It has been found desirable, when a given object element is made up of a plurality of sub-elements, to so structure the second memory component instructions as to enable the painter to select or "clip" from the data corresponding to a given object element only that data corresponding to one or more desired sub-elements. Thus even though the pattern memory for a given object element may comprise data representing a scene of appreciable width, a given instruction could cause the painter to take from that portion of the pattern memory only the data relating to a predetermined fraction of that scene, depending upon the particular view to be displayed.
The instructions in the second memory component may include animation instructions, identifying different views of a given object, all stored in the first memory component, which are to be displayed sequentially in point of time in order to produce an animation effect. Those instructions will preferably be in the form of linked lists in which the items are linked in terms of time sequence. When animation is desired the appropriate instructions can be deposited in the third memory component by the first data processor, and they then control the painter in constructing the data in the display/construction buffer memories.

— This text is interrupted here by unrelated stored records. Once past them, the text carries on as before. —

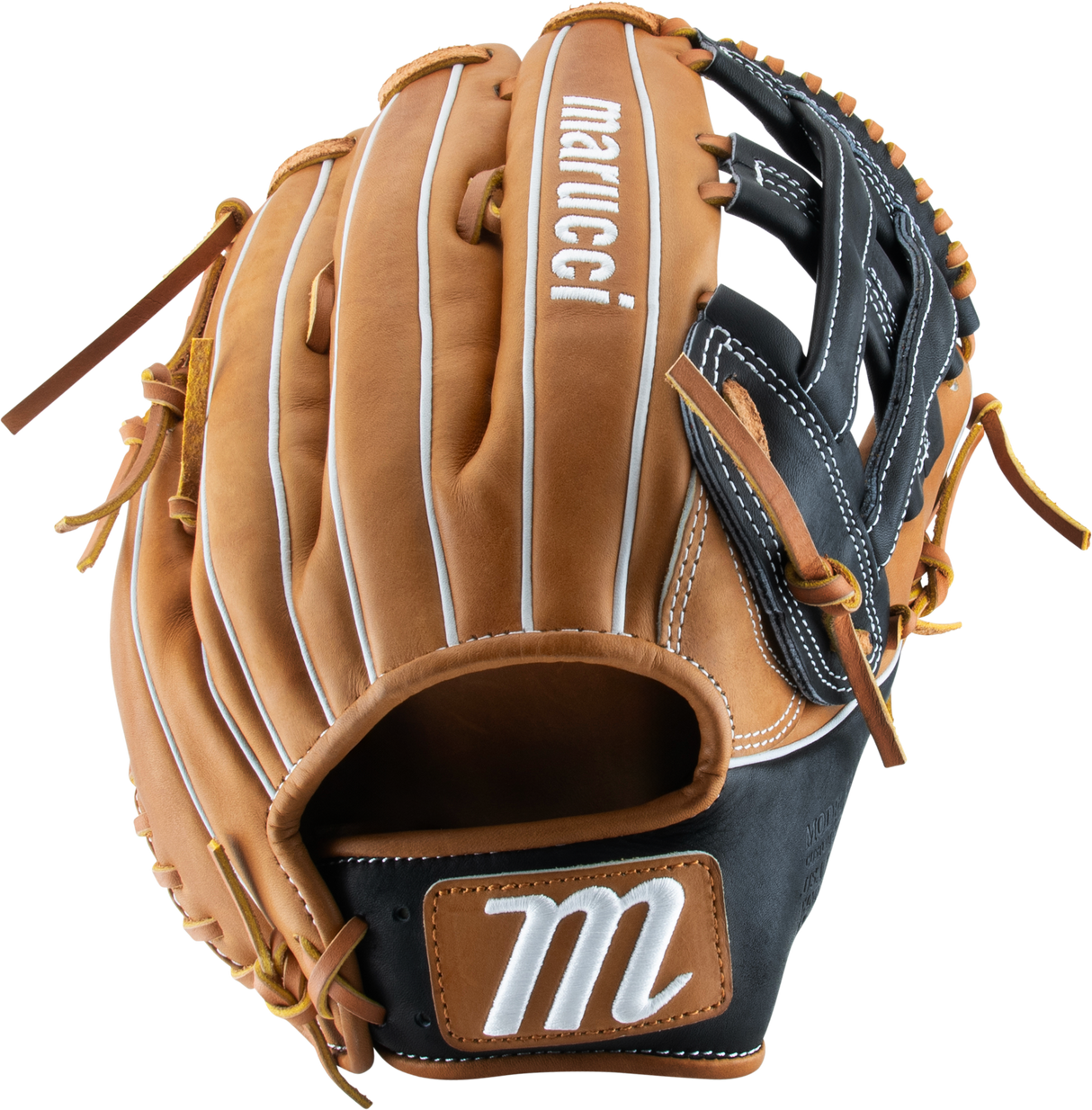 Marucci Capitol Series 98R3 12.75" H Web LHT Baseball Glove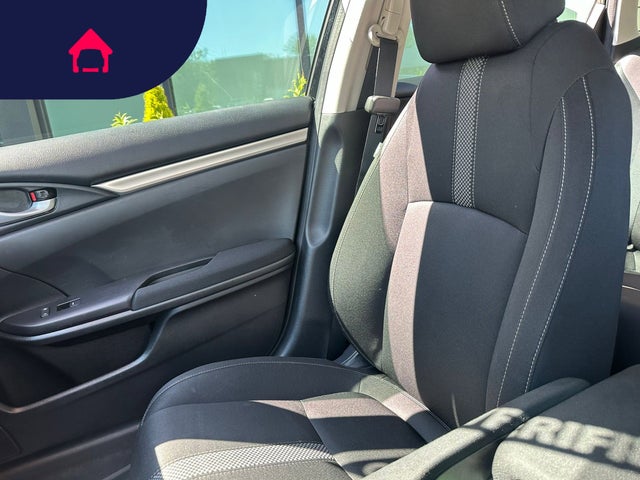 2019 Honda Civic Sedan
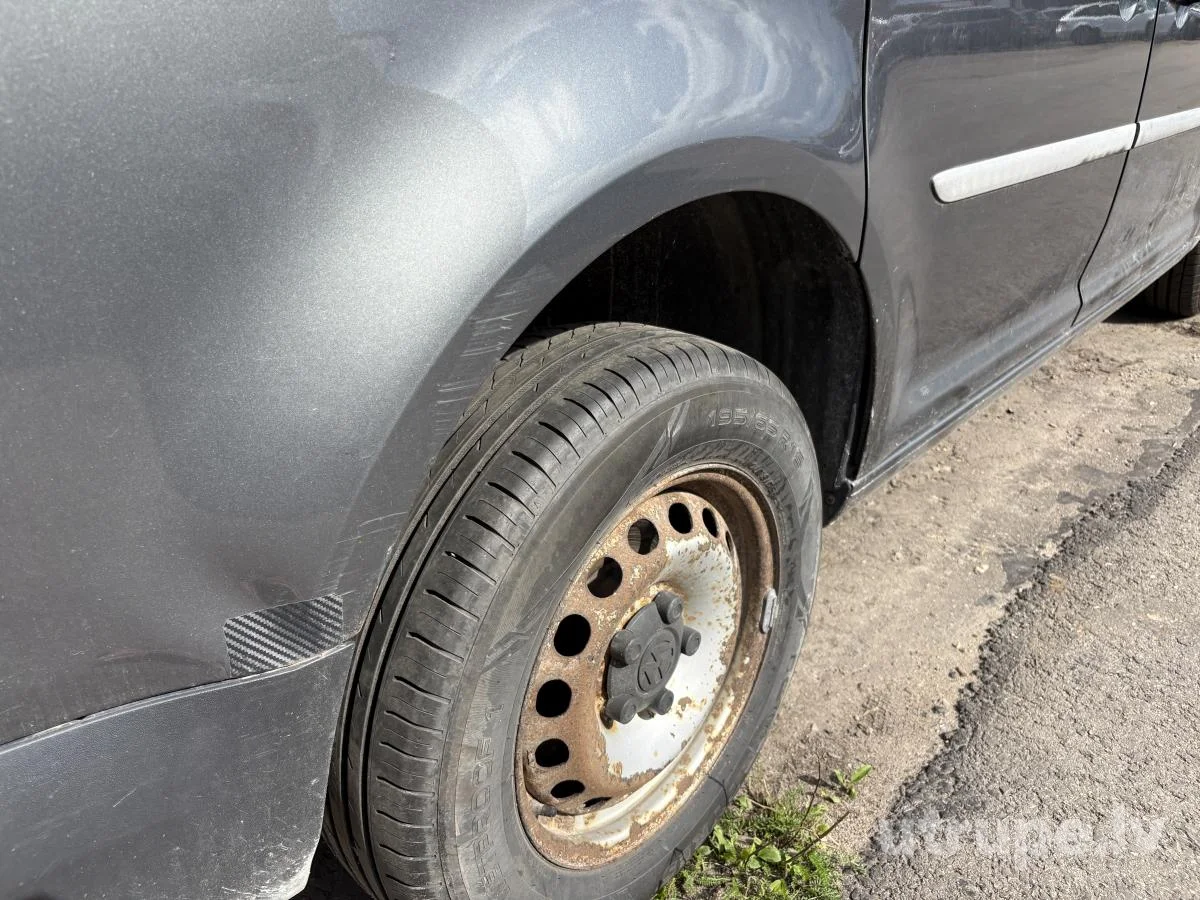 VOLKSWAGEN CADDY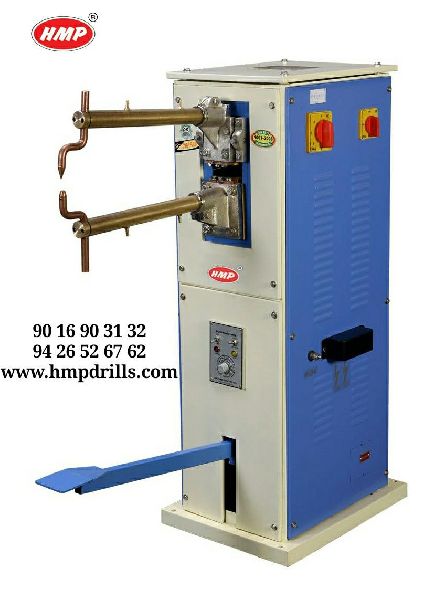 HMP Pedestal Spot Welding Machine, Certification : CE Certified, ISO 9001:2008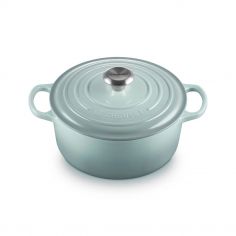 Cocotte ronde en fonte émaillée 20cm Le Creuset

In those linked lists, and in any other linked lists which may occur in the system, each item in the series desirably comprises linking instructions both forwards and backwards, so that each intermediate item of a given linked list is linked in both directions to adjacent items. This greatly facilitates the formation of identification and/or instructions in the third memory component where items are selected from only a portion of the items in a given linked list. The double linking speeds the location and utilization of desired data in the list, and hence facilitates display, and particularly animated display.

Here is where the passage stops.